Picking The Best Setup Man Of 2011

NEW YORK, NY - SEPTEMBER 07: David Robertson #30 of the New York Yankees throws a pitch in the rain during the top of the eighth inning against the Baltimore Orioles and New York Yankees on September 7, 2011 at Yankee Stadium in the Bronx borough of New York City. (Photo by Christopher Pasatieri/Getty Images)

All the talk around the baseball world is around the GIBBYs. GIBBY this and GIBBY that. Baseball fans can't get enough of the GIBBYs. The Greatness in Baseball Yearly Awards have captured the heart of America like few things before it.

Or maybe this is the first time you've ever heard of them. They're awards from MLB.com that are voted on by fans and they're probably the most important awards because the fans are the ones who watch the games, and they're likely to back up their vote with actual research and logic.

what did alber do to make it on this list other than have a good game 3? hes a good player but i dont think he wins this award.. he needs to do better at the plate.. hes an hr threat but needs to work on small ball. Great glove though

That's a comment under the Player of the Year nominee list, and it really makes you think, you know? And the GIBBYs also include the only award in baseball that's given out to setup men: the Setup Man of the Year award, which is a good reminder that the BBWAA needs to create an award for setup men. There just aren't enough awards for us to internet-argue over, and setup men deserve some love too

Here would be a list of finalists for The Mike Stanton (Not That One) Award for Pitching Excellence, which is what I've already determined that the BBWAA should call the award, along with a note on why they should and should not win the award:

Mike Adams
Why he should win:
He doesn't allow runners. Or runs. Or hits. Or walks. He's almost the perfect setup man.

Why he shouldn't win:
Well, that was all true in the regular season, but in the playoffs he was hittable. He also walked as many batters in the postseason as he did with the Rangers in the last two months of the season. If you vote on the award before the postseason, though, he's as strong of a candidate as any one else.

Tyler Clippard
Why he should win: He led both leagues in holds! He also pitched more than one inning for the Nationals often, which increased his value to the team, and he led the world in the percentage of runners he stranded.

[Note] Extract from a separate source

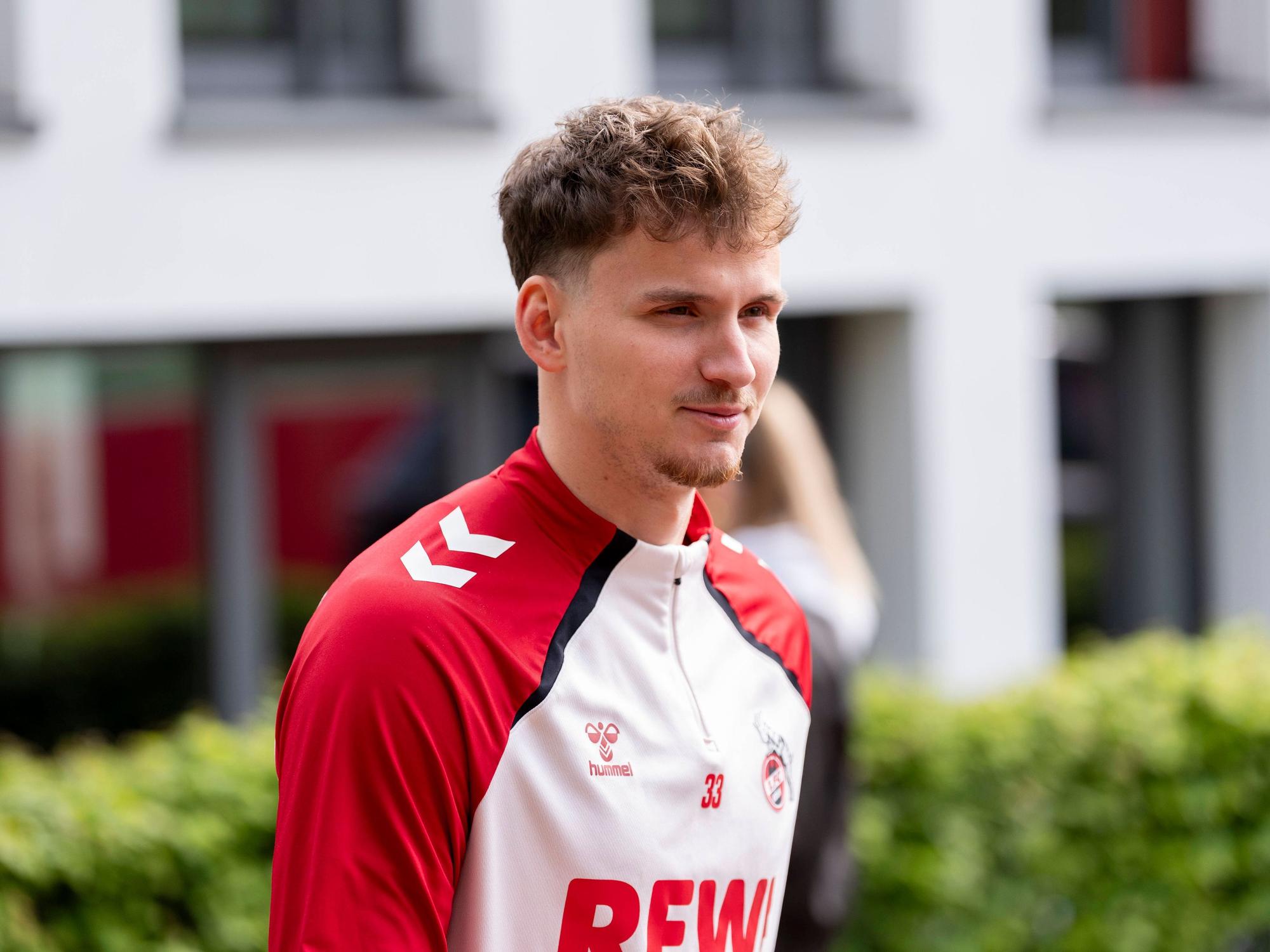 Rav van den Berg in Trainingsklamotten des 1. FC Köln.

Why he shouldn't win: He allowed 11 home runs, which is quite a bit for a late-inning reliever.

Eric O'Flaherty
Why he should win: He was one of only five pitchers since 1900 to throw more than 70 innings with an ERA below 1.00. That's insane.

Why he shouldn't win: The last guy to do it was Chris Hammond, which sort of makes the accomplishment feel a little less exclusive. Plus, relievers' ERA has a lot to do with stranded runners, and O'Flaherty had Jonny Venters and Craig Kimbrel behind him.

David Robertson
Why he should win: Strikeouts. A hundred of them. He had one of the greatest strikeout seasons ever for a reliever who didn't pick up saves.

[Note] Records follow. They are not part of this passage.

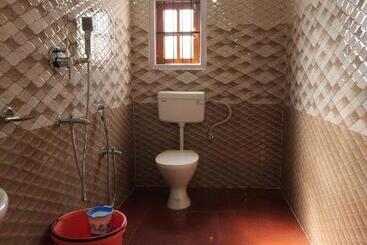 Nocleg ze śniadaniem The Transit Stay Guwati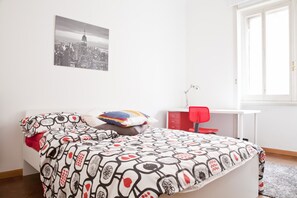 Shared Dormitory, 1 Bedroom, Balcony | 1 bedroom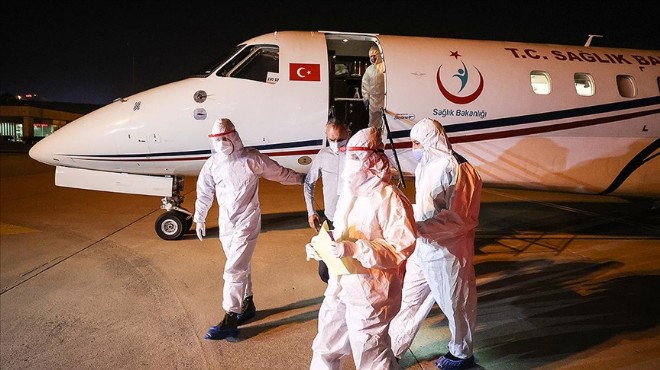 3 Türk vatandaşı ambulans uçakla Türkiye'ye getirildi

Why he shouldn't win: Walks. Just under a hundred of them. He averaged more than a walk every two innings.

Jonny Venters
Why he should win: He was a workhorse for the Braves, leading the league in appearances and dominating for most of the year.

Why he shouldn't win: He also pootered out down the stretch, allowing nine runs and walking 11 over his last 15 appearances. Like Robertson, he walks way too many hitters to make his manager feel comfortable.

Sergio Romo
Why he should win: He walked five batters and struck out 70. The only other reliever in history to have a K/BB ratio that good for more than 30 innings was Dennis Eckersley. There were three outings in this year's World Series where a pitcher walked as many or more batters than Romo did all season.

Why he shouldn't win: He missed some time with injury, and Bruce Bochy didn't trust him against lefties earlier in the year, often removing him after facing a single batter, which limited his innings pitched to just 48.

Sean Marshall
Why he should win: No real good reason, but has anyone other than Cubs fans noticed how good he's been for two straight years?

Why he shouldn't win: The taint of Cubs is always a good reason for someone not to win something, even if a player deserves nice things.

The winner should be: Clippard, who pitched the most innings and stranded the most runners while doing the things a reliever should do, which is striking batters out and avoiding walks

The BBWAA would vote for: Clippard, who led baseball in holds.

Maybe we shouldn't give the writers the burden of another award to think about. But The Mike Stanton (Not That One) Award for Pitching Excellence should become an official tradition, if only because there aren't enough things to argue about on the internet.